Saat ini, seluruh negara termasuk Indonesia sedang memikirkan langkah yang perlu dilakukan untuk mewujudkan capaian tersebut. Untuk itu, pemerintah berkomitmen agar Indonesia bisa bebas emisi karbon (karbon netral) pada tahun 2060.

Pengamat ekonomi energi Universitas Gadjah Mada Fahmy Radhi menjelaskan, target karbon netral di berbagai negara di dunia termasuk Indonesia merupakan komitmen Perjanjian Paris pada tahun 2015 untuk menggalakkan transisi energi fosil menjadi energi terbarukan.

Baca Juga: Kembangkan Teknologi Energi Hijau, Kementerian ESDM Gandeng Hitachi Energy

“Jadi dalam pertemuan COP (Conference of the Parties) di Paris tahun 2015, ada Paris Agreement, waktu itu Jokowi datang dan salah satu yang meratifikasi perjanjian itu.
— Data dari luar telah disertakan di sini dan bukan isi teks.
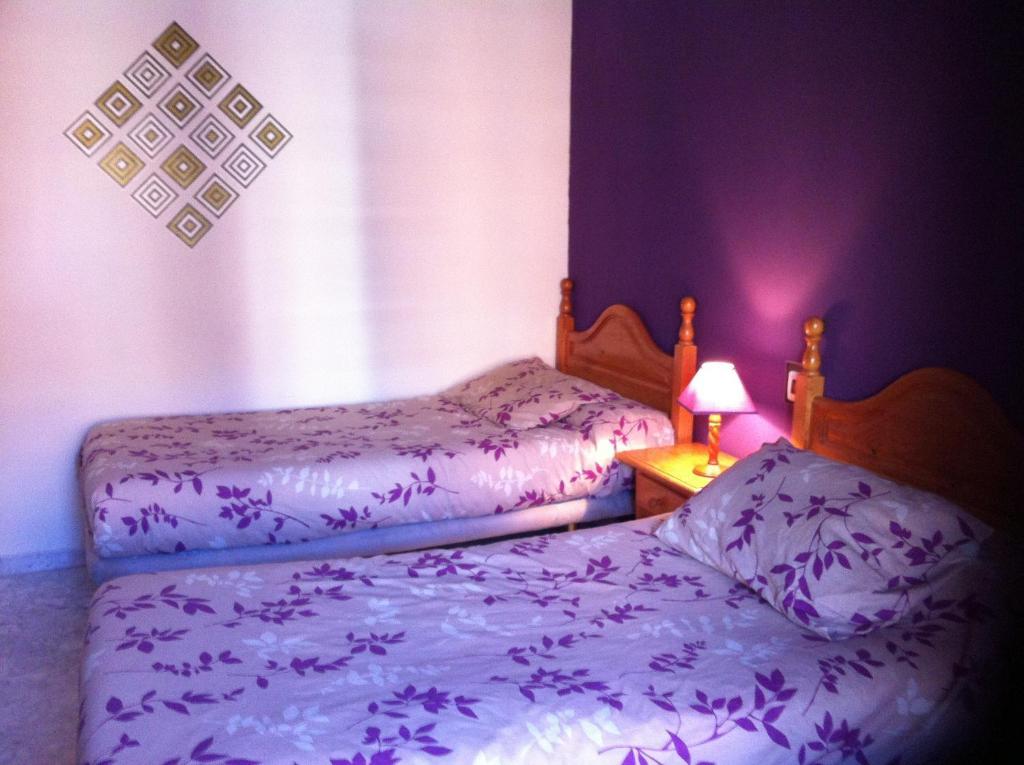 Hostal Neptuno กาเซเรส ภายนอก รูปภาพ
Salah satu keputusan dari Paris Agreement itu adalah membuat transisi dari energi fosil ke energi terbarukan. Karena sudah terbukti penyumbang karbon dioksida itu menyebabkan iklim yang ekstrem. Banyak dampak negatif dalam perubahan rumah kaca dan sebagainya, sehingga di Paris sepakat untuk bersama-sama mengurangi karbon dioksida sampai ke zero carbon,” kata Fahmy, dikutip dari kanal Youtube PSLH UGM Official pada Selasa (20/6/2023).

Di dalam perjanjian tersebut, negara-negara maju berkomitmen membantu negara berkembang untuk memulai transisi energi. Namun, ia mengatakan sampai saat ini belum ada satu pun negara maju yang menepati komitmen tersebut.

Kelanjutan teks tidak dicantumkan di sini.